The pool of peer reviewers needs to be increased internationally, and more than two thirds say they require more training, according to the findings of a survey from academic house Wiley.
The survey examining the peer review process - when research is evaluated by experts before it is published - has revealed the need for additional training, a larger pool of reviewers and increased recognition for reviewers.
Verity Warne, associate marketing director at Wiley and the author of the study, said: “The aim of this study was to explore the reviewer experience and delve into recognition and training needs of reviewers. There was particular focus on how these needs may differ by region and career stage.”

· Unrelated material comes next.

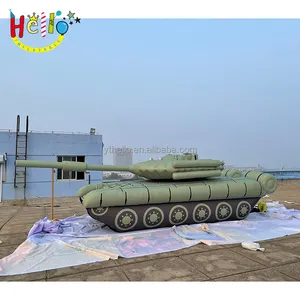 huge green decor tanks Inflatable mock ups of Russian vehicles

Almost 3,000 respondents from 115 countries and “all major subject areas” participated in the survey, which found that the majority of peer review training received by respondents was through journal guidelines or informally as advice from supervisors or colleagues. A total of 77% said they required further training. According to the survey: "It has frequently been asserted that there is a lack of guidance about how to perform a good review, and reviewers are expected to ‘learn on the job’."
Reviewers also said that they would rather receive feedback and recognition from journals over financial reward as they "strongly believe that reviewing is inadequately acknowledged at present and should carry more weight in their institutions' evaluation process."

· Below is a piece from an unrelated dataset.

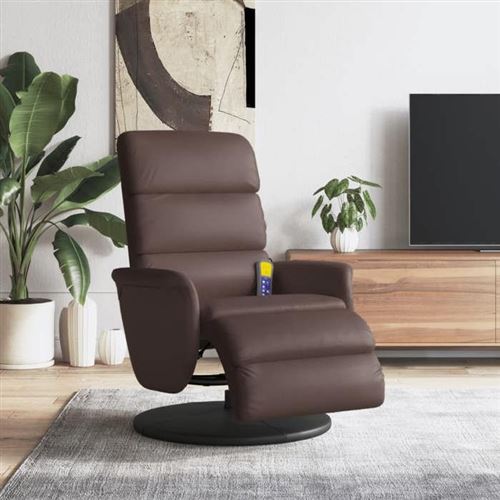Non Communiqué Marron Vidaxl Fauteuil De Massage, Relaxation Avec Repose-Pieds Similicuir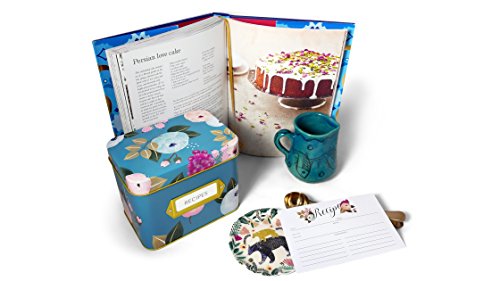 Polite Society Blue Floral Recipe Box | 24 Size 4X6 Recipe Cards & 12 Dividers | Vintage Style Recipe Tin #TOP7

There is a need to increase the reviewer pool especially in "high-growth and emerging regions of the world" and among "early career researchers", the survey found. Analysis of reviewer and corresponding author data suggests that US researchers bear a "disproportionate burden of review", while Chinese authors publish twice as much as they review.
Journal rank is important to potential reviewers. Results showed that while reviewers choose to review in order to give back to the community, there is more perceived benefit in interacting with the community of a top-ranking journal than a low-ranking one.
Warne said: "In the last 12 months Wiley has been exploring new approaches to recognition and reward, including a current partnership with Publons. Wiley has also launched a reviewer resource center that is available to all reviewers globally.”
Philip Carpenter, executive vice president, research, Wiley, said: “The role of the peer reviewer as expert and guardian of quality in research publishing is as important as ever. The research undertaken by the Wiley team highlights opportunities for increased support and recognition of reviewers.”